Spatio-Temporal Motion Topology Aware Graph Convolutional Network for Skeleton-Based Action Recognition

Ji Ma, Wei Liu, Linlin Ding, Hao Luo

Published: 01 Jan 2024, Last Modified: 07 Feb 2025WISA 2024EveryoneRevisionsBibTeXCC BY-SA 4.0

Abstract: Graph Convolutional Networks (GCNs) have gained significant attention and application in skeleton-based action recognition tasks due to their superior ability to process the intrinsic topological information of skeletons. In GCNs-based methods, extracting discriminative features from skeletal topology is crucial for improving recognition accuracy. However, most works alternately extract spatial and temporal features separately, neglecting the complex spatio-temporal parallel features during motion.
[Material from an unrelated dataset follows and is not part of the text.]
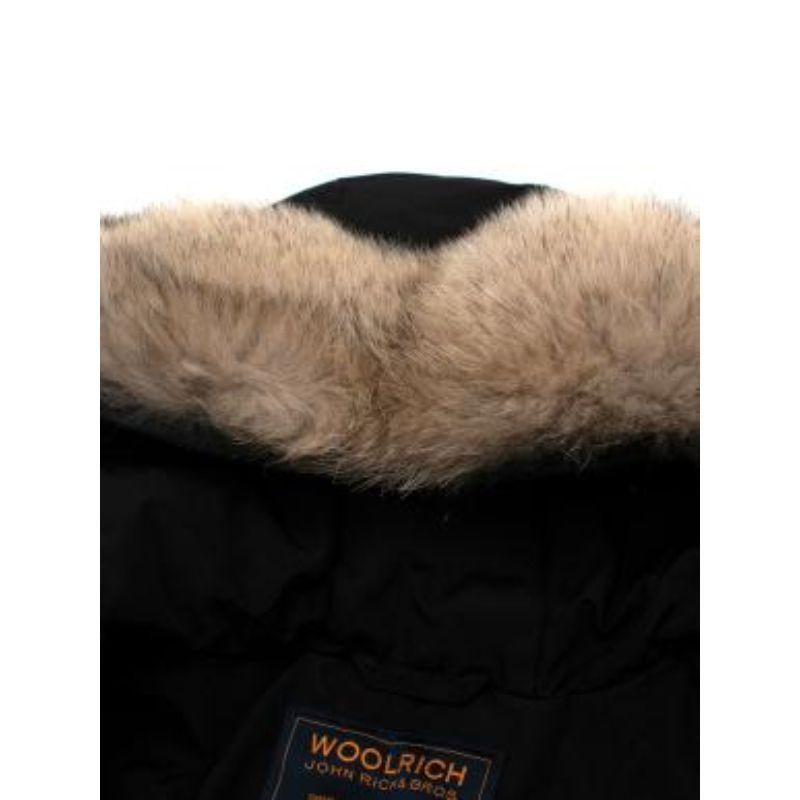 Fur Trim Hooded Black Duck Down Coat For Sale 1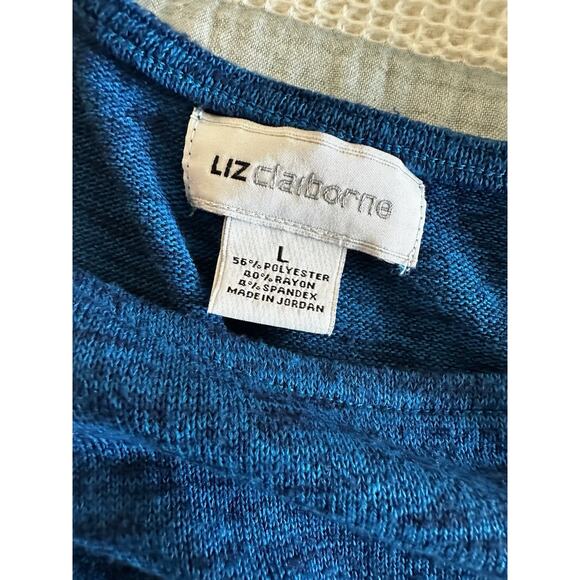 Liz Claiborne Aqua Black Marled Long Sleeve Tunic Button Shoulders Detail Large - Picture 4 of 4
To address this issue, a novel Spatio-Temporal Motion Topology Aware Graph Convolutional Network (STMTA-GCN) for learning rich spatio-temporal motion information flow is proposed in our work. The core of this network is the Spatio-Temporal Motion Feature Extraction (STMFE) block that globally considers the learning of temporal, spatial, and spatio-temporal information flow between human joints, which includes two modules: Spatio-Temporal Interaction Enhanced Graph Convolution (STIE-GC) and Multi-scale Temporal Information Extraction (MTIE). STIE-GC can directly analyze the interrelations between joints and their spatio-temporal neighbors in the spatio-temporal graph, and capture channel-level spatio-temporal parallel features. MTIE is used to enhance the model’s perception ability of temporal dynamic features. Extensive experiments on three public datasets, NTU RGB+D 60, NTU RGB+D 120, and NW-UCLA, demonstrate that our method achieves better or comparable performance compared to state-of-the-art methods.